Finally, here’s a fun little thing I saw on Pinterest that I thought would be fun to do with the girls every year on their birthdays. Technically, you’re supposed to start when they turn 3, so Bean is a little young for this, but here goes:

20 Questions with Bean — Age 2

1. What is your favorite color? Pink

2. What is your favorite toy? Baby doll

3. What is your favorite fruit? Um. Nothing. The kid doesn’t eat fruit. She eats vegetables. Preferably green beans

4. What is your favorite TV show? Sesame Street

5. What is your favorite thing to eat for lunch? Mac and cheese

6. What is your favorite outfit? Nothing in particular, except she has to pick it out

7. What is your favorite game? Trouble (because she likes to push the bubble)

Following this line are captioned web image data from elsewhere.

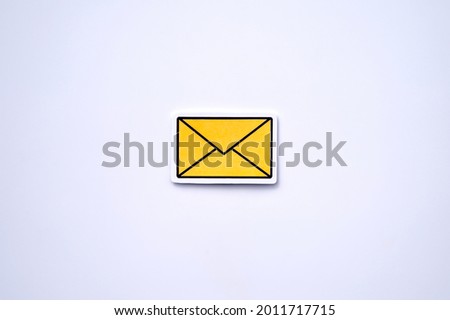 Photograph of yellow message, notification or envelope icon against white background. Table top view, flat lay, copy space.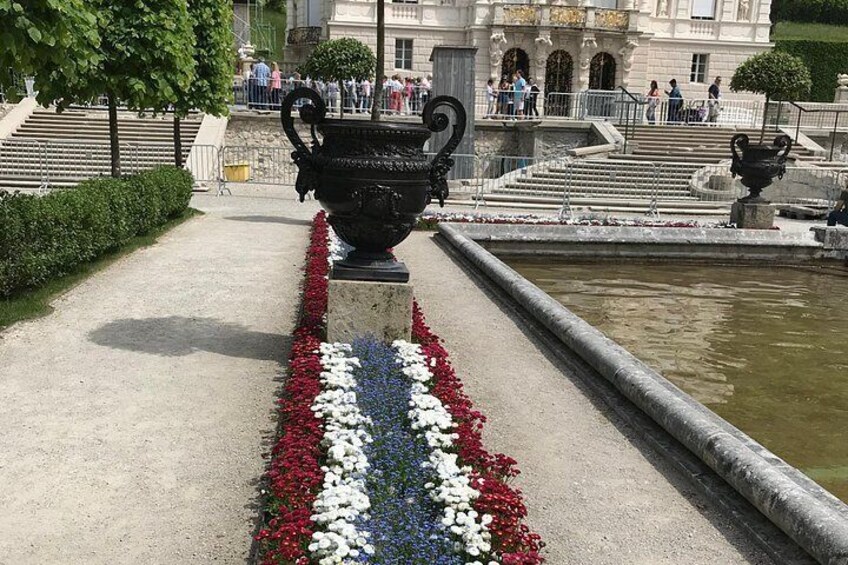 A pathway lined with flowers, a large black urn, and a fountain. 4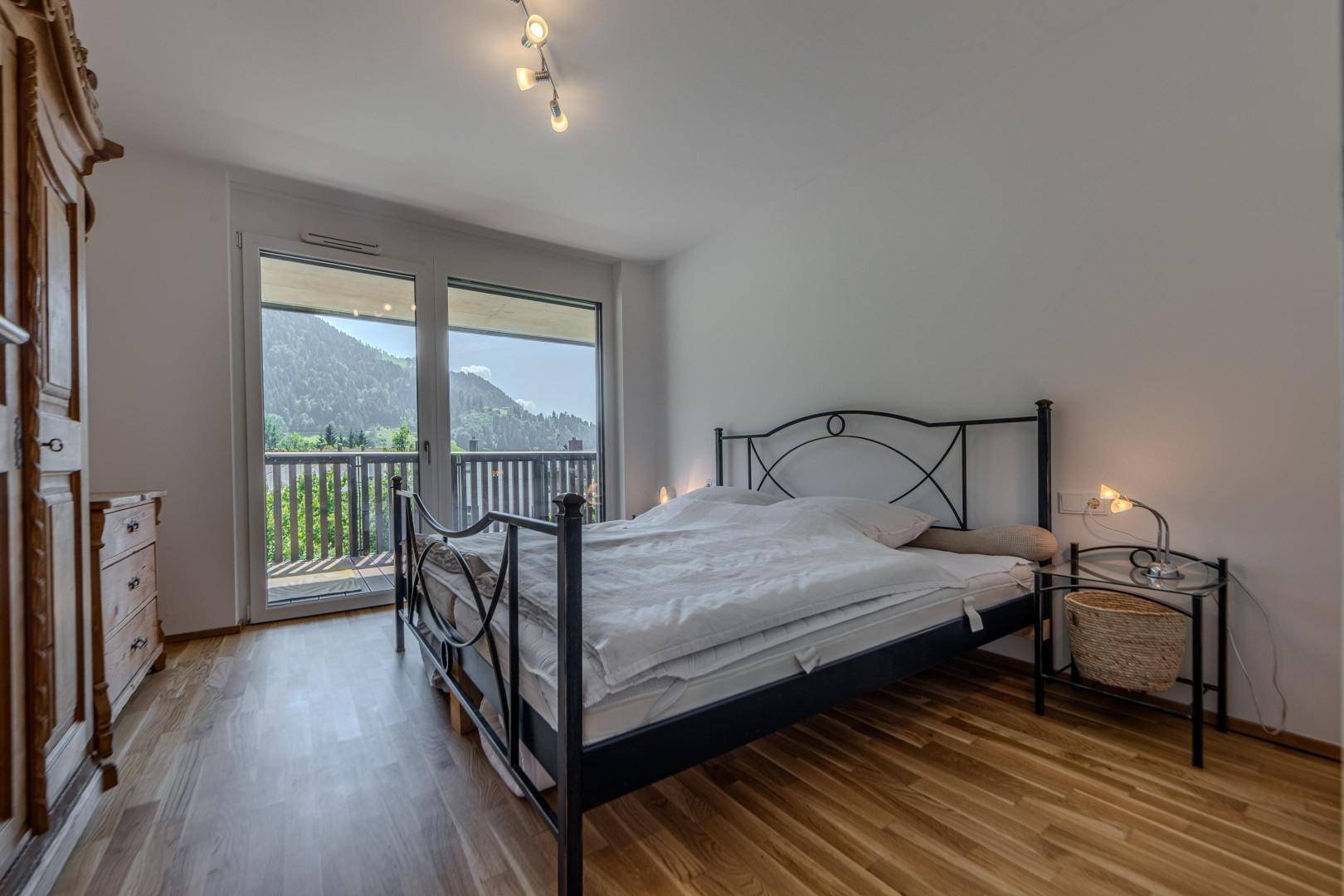 Schlafzimmer mit Doppelbett, Holzboden und Balkonzugang mit Bergblick.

8. What is your favorite snack? Cheese, Goldfish crackers, pretzels

9. What is your favorite animal? Dogs

10. What is your favorite song? Mr. Bassman (Laurie Berkner)

11. What is your favorite book? Duck and Goose: How are you feeling? (she loves to make the “angry” and “happy” faces)

12. Who is your best friend? Monkey

13. What is your favorite cereal? None

14. What is your favorite thing to do outside? Climb, swing, slide (but without getting her hands dirty)

15. What is your favorite drink? Milk

16. What is your favorite holiday? Christmas?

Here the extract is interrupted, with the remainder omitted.